On the Freedom of Data

This post is part of Mothball March, where I dust off old posts I never quite finished. This is a more-final version of something I originally wrote in December 2012.

In the 1980s, a young computer programmer named Richard Stallman started the Free Software Foundation with the goal of promoting “free software”, software that granted its users a number of rights, including the right to view the source code, determine how the program works, and use that method in any other software. RMS realized that without these rights, we didn’t truly own any of our software or, more importantly, our data - if the company manufacturing, say, your word processor went out of business, you could be stuck with a number of important business documents that you could no longer read. Over the last 30 years, we’ve made significant progress in convincing the technical community of this, and inroads are happening to non-technical folks as well. However, we now face a new fight.

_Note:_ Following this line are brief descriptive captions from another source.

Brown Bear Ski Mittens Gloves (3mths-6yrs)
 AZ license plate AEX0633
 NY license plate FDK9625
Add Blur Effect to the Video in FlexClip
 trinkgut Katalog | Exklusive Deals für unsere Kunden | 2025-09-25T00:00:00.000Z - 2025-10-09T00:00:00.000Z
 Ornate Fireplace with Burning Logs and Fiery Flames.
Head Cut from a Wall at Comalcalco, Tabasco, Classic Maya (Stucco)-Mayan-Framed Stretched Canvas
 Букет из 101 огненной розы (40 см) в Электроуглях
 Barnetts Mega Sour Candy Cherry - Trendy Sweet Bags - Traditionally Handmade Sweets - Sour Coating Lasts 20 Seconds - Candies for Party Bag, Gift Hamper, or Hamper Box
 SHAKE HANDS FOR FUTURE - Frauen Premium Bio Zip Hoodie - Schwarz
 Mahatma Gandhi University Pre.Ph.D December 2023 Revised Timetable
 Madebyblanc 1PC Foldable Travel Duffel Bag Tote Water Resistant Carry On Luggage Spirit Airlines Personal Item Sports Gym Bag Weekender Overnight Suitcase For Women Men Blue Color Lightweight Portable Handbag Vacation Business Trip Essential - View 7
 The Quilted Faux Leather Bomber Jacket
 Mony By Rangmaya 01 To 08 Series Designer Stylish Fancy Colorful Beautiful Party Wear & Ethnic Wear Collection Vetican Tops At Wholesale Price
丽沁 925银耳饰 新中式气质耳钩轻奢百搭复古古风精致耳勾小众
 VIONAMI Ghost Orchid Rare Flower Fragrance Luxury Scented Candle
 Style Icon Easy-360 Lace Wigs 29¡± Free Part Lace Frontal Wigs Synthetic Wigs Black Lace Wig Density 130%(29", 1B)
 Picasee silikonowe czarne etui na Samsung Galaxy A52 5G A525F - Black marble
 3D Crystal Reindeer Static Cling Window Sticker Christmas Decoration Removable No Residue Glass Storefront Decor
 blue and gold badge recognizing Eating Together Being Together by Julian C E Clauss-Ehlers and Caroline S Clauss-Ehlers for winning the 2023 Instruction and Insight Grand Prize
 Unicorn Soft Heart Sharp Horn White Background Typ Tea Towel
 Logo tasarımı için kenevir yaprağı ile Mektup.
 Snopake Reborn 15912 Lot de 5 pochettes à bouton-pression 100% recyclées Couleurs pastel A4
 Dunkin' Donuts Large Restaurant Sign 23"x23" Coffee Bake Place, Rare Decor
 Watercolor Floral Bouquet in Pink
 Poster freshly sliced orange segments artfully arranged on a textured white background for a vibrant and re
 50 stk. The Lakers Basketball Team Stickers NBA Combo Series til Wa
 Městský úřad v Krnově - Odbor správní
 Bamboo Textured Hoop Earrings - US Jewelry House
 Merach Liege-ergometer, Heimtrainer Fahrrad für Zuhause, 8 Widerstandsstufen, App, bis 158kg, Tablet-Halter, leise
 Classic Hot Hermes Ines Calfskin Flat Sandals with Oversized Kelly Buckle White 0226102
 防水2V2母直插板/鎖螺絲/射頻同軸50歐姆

Previously having the freedom to deconstruct a piece of software (that is, to obtain the algorithm used to read data) was all that was needed, since you always had access to your own data. Now, with cloud-based services, that is often not the case.

Take Facebook as an example. Many people upload most, if not all, the photos they take directly to Facebook - and that’s where they continue to live. If Facebook decides to, say, start charging you (or any of your friends) $20 to view your photos, you can be outraged, you can throw a fit - but you’ll have to either pay the fee or give up those memories. This is a fairly far-fetched idea (although not as much as you might think), but any number of other issues could happen - Facebook could suddenly go out of business, or suffer catastrophic data loss, or even just slowly fade into obscurity without ever providing an easy way for you to retrieve your data.

In today’s networked world, free data is just as important as free software, if not more.

A previous (great!) company I worked for, XYZ Homework, provided an online homework service for customers of its books. The system we used was built on an open-source system, but if you wanted to switch off, you’d lose students’ accounts, progress on problems, the problems themselves (both you-created and XYZ-provided).

As a contrast, Github’s primary website is not open-source, but I have absolutely no concerns about it. Much of it is inherently open and distributable (the decentralized nature of git means that everyone working on a project has a full copy of it, including history), but those parts that aren’t, they provide access to with a well-documented and freely-available API. If you’re concerned about losing access to, say, your bug reports, you can easily back them up on a regular basis, and a number of people have developed open-source adapters that will convert between Github’s issue tracking system and popular alternatives.

If you’re a developer, please provide a way for your users to export their data into a competing service; if lock-in is the only thing keeping them with you, you’re doomed already.

And since all of us are users of something-or-the-other, it’s our responsiblity to give data freedom a place in the purchasing conversation - and, if necessary, to make businesses pay attention by refusing to use their services until they free our data.